Another gout of heavenly flame drenches my RWR in red, and as I swing hard to evade my heart stops beating. A bodily thump comes from behind me as I level off, the missiles going mad, and I remember Prez is dead. Somewhere between eternity and the spiralling now, her blood fell into her legs and out of her soul, and she ceased to exist. Good, I think. She received absolution, hopefully. Or maybe it's a way to ignore the fact I killed her.

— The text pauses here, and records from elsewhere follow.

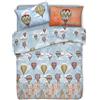 HomeLife Trapunta Singola Invernale 170X280 Made in Italy | Piumone Letto Singolo 300 gr/mq Autunno/Inverno | Piumone Imbottito Anallergico | Piumino Fantasia Mongolfiere e Citta' | Arancione, 1P
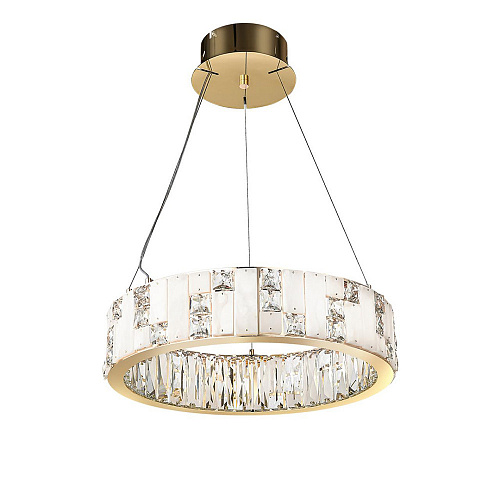 Подвесная хрустальная светодиодная люстра 60W 3700К 5072/60L золото Crossa Odeon Light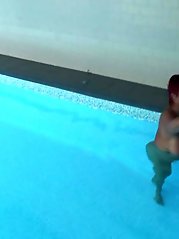 Masturbating at the pool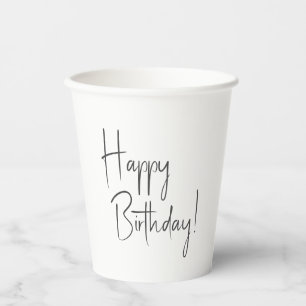 Minimalist Gender Neutral Happy Birthday Paper Cups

We trade blows, and as my engine gains one more scratch against its housing I forget to breathe. In its place, I remember that once upon a time, he was Crimson One to me. Or rather, some version of him was. Now it doesn't seem like anyone is behind those repeating words anymore. An echo, perhaps. Purpose-built to be my doom. Whatever he is now, he doesn't deserve a name, I think. Or maybe it's a way to ignore the fact I killed him, too.

A scream across the radio forces air back into my lungs, the fight having fallen to the Presidian cityscape. PW-Mk1 after PW-Mk1 flood the bombed-out streets, broken glass and shattered composite among scores of the same dead pilot. Yet missile warnings still flood my HUD, the Final Peacekeeper racing through the sea of his own corpses in order to drown me in my hollow victories. Does he know? Does he understand? Does he care? Do I?

As we skate through the remains of all that we fought for, caught in a circular chase that drags our battered selves through the annals of our memories and motivations, I catch a glimpse of a simpler life. A butterfly painted on some alleyway wall, wings torn by shrapnel and body shot with dust. A gout of gunfire from my pursuer carves a line across my back, and collapses the mural back into featureless gray rubble. Body and soul destroyed in one. I don't know why I persist, I think to myself. It would be so much easier to just eject. I cannot win; should I have to give my life for a loss? But I cannot raise my hands to the ejection handle. My grip still lingers on the stick and throttle, held more by instinct than will. Something still tells me to fly, even as my eyes threaten to close forever.

So I pitch up, and let the clouds cover the last of what I lost.

We play out the end of our dance in the burning red once again: cracked lips, dry eyes, hoarse breath. The enemy's convictions drain away in the face of getting one last shot in. My blood oozes like tar in my arteries. We spark off one another like steel striking flint, and once again, he is burning, falling under crimson sky.

"Remember me," he says, and my tongue feels like sandpaper as I respond.

I don't need to remember you. You'll be back again soon, after all.